- INPUT DATA:
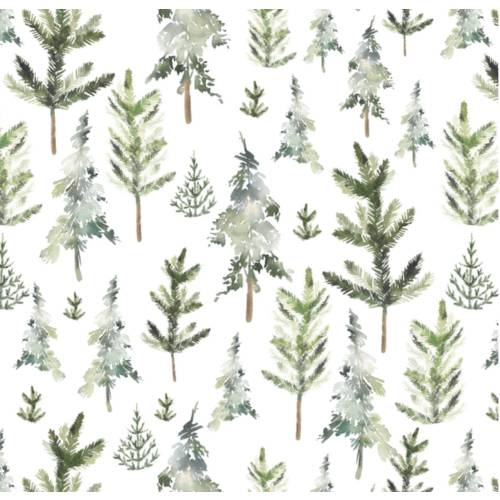 Woodland Crib Sheet: Green Forest Fitted Mini Crib Bedding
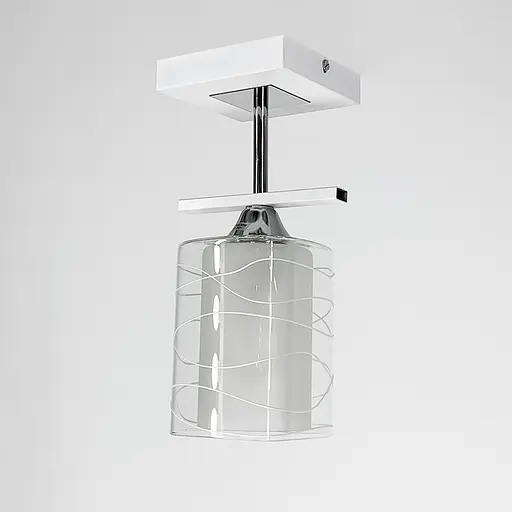 Стельова люстра в білому корпусі на 1 плафон Line.F 126/1 P WT - фото 1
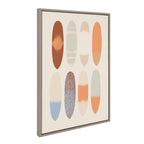 Sylvie Sea Breeze Board Pattern Framed Canvas by Hannah Beisang
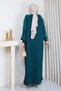 Women's Sleeveless Silk-Cupra Fringed Mercerized Knit Dress - 7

- EXERCISE BRIEF:
Go through the listing and restate each line word for word, leaving out the pictures.

- REPLY:
 Woodland Crib Sheet: Green Forest Fitted Mini Crib Bedding
 Стельова люстра в білому корпусі на 1 плафон Line.F 126/1 P WT - фото 1
 Sylvie Sea Breeze Board Pattern Framed Canvas by Hannah Beisang
 Women's Sleeveless Silk-Cupra Fringed Mercerized Knit Dress - 7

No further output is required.